Glycan arrays are a common method to determine viral glycan-binding specificity (Smith and Cummings 2014). Glycowork can analyze this data type by generating motif-based heatmaps, in which motifs are colored by their associated Z-score—in this case illustrating the split between Neu5Ac(α2–3)-binding avian influenza viruses and Neu5Ac(α2–6)-preferring mammalian influenza viruses (Figure 2C). This can be extended by identifying statistically significant binding motifs (Figure 2C), which points to the importance of sialic acid-containing motifs as reported previously (Viswanathan et al. 2010).

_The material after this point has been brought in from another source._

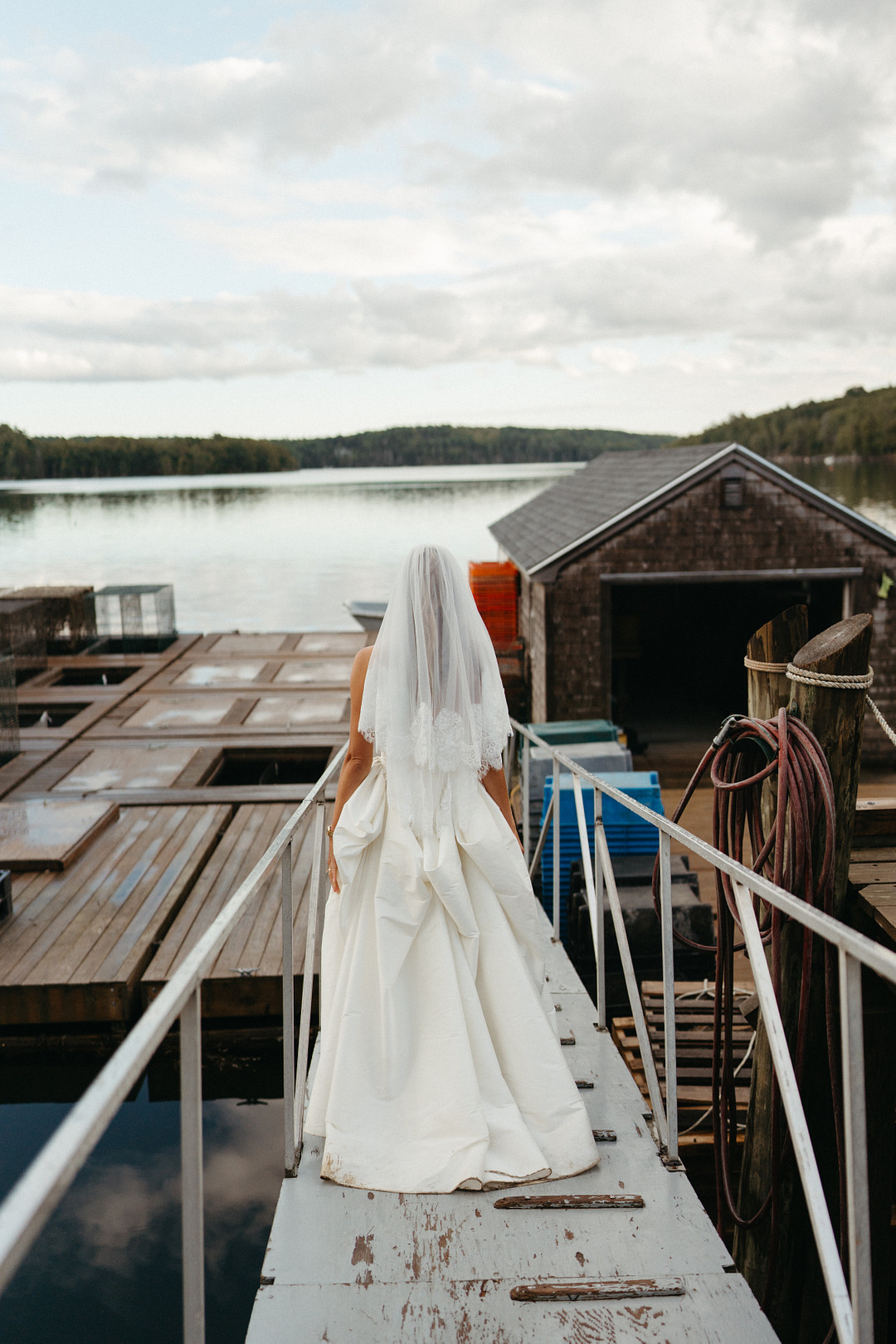 Bride walking down the dock to the ceremony at Glidden Point Oyster Farms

Another example of the functionalities of glycowork is glycan-focused machine learning. By providing a list of glycans and corresponding labels, glycowork trains machine learning models with a single line of code. As an example, we trained a model to predict whether a glycan stems from an animal or a different organism and then analyzed the model as to which motifs were most predictive for this classification (Figure 2D). In this case, the presence of type-2 LacNAc (Gal(β1–4)GlcNAc) was most predictive for an animal glycan. Analogously, state-of-the-art deep learning models can be trained with only a few lines of codes, for which we direct the user to the full documentation of glycowork.
Conclusion
As the most diverse biological sequence, glycans require dedicated analyses. Until now, technical limitations have directed the focus of researchers to rather short and/or uniform glycans that are amenable to manual analysis, such as N-glycans or short O-glycans. Yet with the addition of more (complex) sequences (Malaker et al. 2021), and the combination of glycans with systems biology data (Kearney et al. 2021), manual analysis is becoming increasingly unrealistic. We envision that accessible analysis platforms such as glycowork will allow researchers to connect knowledge from different glycobiology areas to fuel discoveries and extend the scope of already known phenomena.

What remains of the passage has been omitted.